In 1986, the walled garden of 5 acre was purchased from the Crown Estate Commissioners on behalf of Queen Elizabeth II. The following year, construction began on a two-storey red brick house to be the home of the Duke and Duchess of York, who had married in July 1986. The architect was Sir James Dunbar-Nasmith, Balmoral Estate Architect and professor at Heriot-Watt University. Construction was completed in 1990.

The house had six reception rooms, 12 bedrooms, and 12 bathrooms. It was the first newly built royal home since Bagshot Park, which was built in 1879 for the Duke of Connaught. In the British tabloid press, the home was often referred to as 'Southyork', a play on the 'Southfork' estate in the popular 1980s soap opera Dallas. It was also "mocked for its resemblance to a Tesco-style supermarket".

The Duke and Duchess were divorced in 1996. Following the death of Queen Elizabeth the Queen Mother in 2002, it was announced that the Duke of York would live in her former home, Royal Lodge, Windsor. The Duke and Duchess shared the family's home until 2004, when he moved to Royal Lodge, the refurbishment of which was funded by taking out a mortgage on Sunninghill Park. The house was placed on the market in 2001, but the Duchess of York and her daughters continued to live there until sometime before it was sold in 2007.

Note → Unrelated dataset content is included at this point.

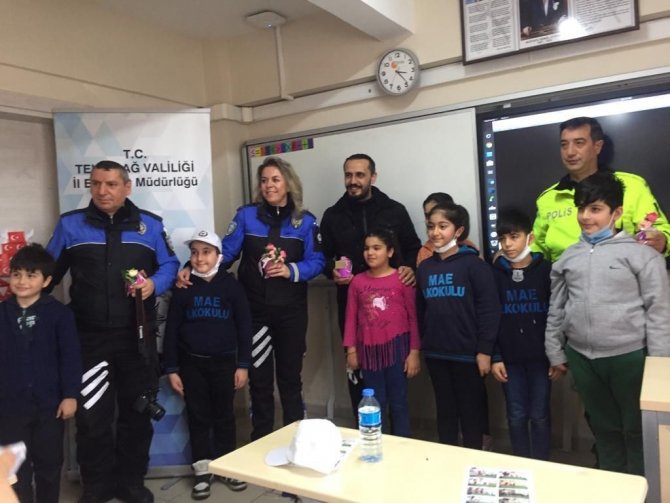 Öğrencilere Polislik Mesleği Anlatıldı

Its legal title records that the house and some of its grounds were sold for £15 million in 2007, £3 million over the asking price, to an offshore trust in the British Virgin Islands. Kenes Rakishev, a 29-year-old Kazakh businessman who called himself a friend of Prince Andrew, professed to have negotiated the deal with the help of his father-in-law Imangali Tasmagambetov, the mayor of Astana, but insisted neither of them was the owner. Later, the owner was revealed to be Timur Kulibayev, the billionaire son-in-law of the Kazakh president, Nursultan Nazarbayev. Kulibayev acknowledged ownership after a newspaper investigation revealed he had used offshore companies and a trust to make the purchase.

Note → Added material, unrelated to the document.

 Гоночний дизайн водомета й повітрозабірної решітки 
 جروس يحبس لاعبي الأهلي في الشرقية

The house fell into an increasing state of disrepair. By 2009, it had "doors hanging open, weeds sprouting through the terrace paving, windows broken, grass growing through the cover over the empty swimming pool, peeling paintwork and a general air of dereliction." In July 2009, Bracknell Forest Borough Council were said to be considering seizing the property under the Housing Act 2004 and using it as a homeless shelter, following several reported break-ins. In 2013, the owner was granted planning permission to demolish it and replace it with a larger house, and in 2014, photos showed that the former royal home appeared to be seriously dilapidated. Demolition was temporarily halted when more than 100 bats were found roosting under its roof, before its actual demolition. A 14-bedroom mansion was built in its place, but it has never been occupied.